## ACTIVITY
Restate exactly, and only, the lines spanning from the one with "Elephant Stock Ww2" to the end of the records below.

━━━ SOURCE DATA ━━━

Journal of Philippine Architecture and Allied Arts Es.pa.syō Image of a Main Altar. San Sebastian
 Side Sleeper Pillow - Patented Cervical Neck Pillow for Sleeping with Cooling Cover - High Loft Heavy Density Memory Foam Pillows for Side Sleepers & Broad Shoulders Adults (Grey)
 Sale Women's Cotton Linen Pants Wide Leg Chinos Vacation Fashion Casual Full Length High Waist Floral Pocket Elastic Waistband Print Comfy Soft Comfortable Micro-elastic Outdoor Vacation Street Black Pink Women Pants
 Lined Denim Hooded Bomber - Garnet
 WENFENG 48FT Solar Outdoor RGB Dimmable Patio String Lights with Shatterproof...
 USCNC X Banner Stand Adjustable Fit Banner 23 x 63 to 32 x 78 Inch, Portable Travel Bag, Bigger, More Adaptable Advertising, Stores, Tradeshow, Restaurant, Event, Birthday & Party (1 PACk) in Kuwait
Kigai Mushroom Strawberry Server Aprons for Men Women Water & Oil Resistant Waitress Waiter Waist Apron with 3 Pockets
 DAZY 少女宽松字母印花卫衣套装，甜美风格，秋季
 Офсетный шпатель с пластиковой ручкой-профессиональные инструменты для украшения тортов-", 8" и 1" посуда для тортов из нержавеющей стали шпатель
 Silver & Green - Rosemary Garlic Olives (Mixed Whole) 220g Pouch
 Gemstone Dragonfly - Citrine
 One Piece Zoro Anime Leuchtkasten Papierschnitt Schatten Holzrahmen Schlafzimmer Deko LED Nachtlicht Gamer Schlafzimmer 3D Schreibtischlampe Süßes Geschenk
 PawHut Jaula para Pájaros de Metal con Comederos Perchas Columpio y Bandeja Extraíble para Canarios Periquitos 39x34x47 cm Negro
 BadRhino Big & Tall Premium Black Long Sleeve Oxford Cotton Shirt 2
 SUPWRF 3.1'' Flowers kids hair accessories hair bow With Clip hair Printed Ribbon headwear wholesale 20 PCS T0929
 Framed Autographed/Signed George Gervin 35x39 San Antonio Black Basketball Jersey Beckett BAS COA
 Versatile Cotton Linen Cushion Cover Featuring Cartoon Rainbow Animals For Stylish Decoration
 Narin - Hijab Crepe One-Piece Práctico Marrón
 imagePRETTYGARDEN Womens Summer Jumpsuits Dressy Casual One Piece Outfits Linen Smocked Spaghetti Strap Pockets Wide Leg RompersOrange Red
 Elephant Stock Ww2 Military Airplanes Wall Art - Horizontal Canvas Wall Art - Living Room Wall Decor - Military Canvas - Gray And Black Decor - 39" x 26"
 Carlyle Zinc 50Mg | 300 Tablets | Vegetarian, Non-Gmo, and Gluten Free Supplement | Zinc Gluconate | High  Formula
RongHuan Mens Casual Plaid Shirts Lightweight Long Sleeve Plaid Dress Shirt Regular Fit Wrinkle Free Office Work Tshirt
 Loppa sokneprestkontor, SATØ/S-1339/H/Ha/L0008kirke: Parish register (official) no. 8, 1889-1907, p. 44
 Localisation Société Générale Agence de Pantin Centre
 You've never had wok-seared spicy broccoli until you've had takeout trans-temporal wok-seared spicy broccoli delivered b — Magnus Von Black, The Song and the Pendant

━━━

## SOLUTION TO THIS TASK
 Elephant Stock Ww2 Military Airplanes Wall Art - Horizontal Canvas Wall Art - Living Room Wall Decor - Military Canvas - Gray And Black Decor - 39" x 26"
 Carlyle Zinc 50Mg | 300 Tablets | Vegetarian, Non-Gmo, and Gluten Free Supplement | Zinc Gluconate | High  Formula
RongHuan Mens Casual Plaid Shirts Lightweight Long Sleeve Plaid Dress Shirt Regular Fit Wrinkle Free Office Work Tshirt
 Loppa sokneprestkontor, SATØ/S-1339/H/Ha/L0008kirke: Parish register (official) no. 8, 1889-1907, p. 44
 Localisation Société Générale Agence de Pantin Centre
 You've never had wok-seared spicy broccoli until you've had takeout trans-temporal wok-seared spicy broccoli delivered b — Magnus Von Black, The Song and the Pendant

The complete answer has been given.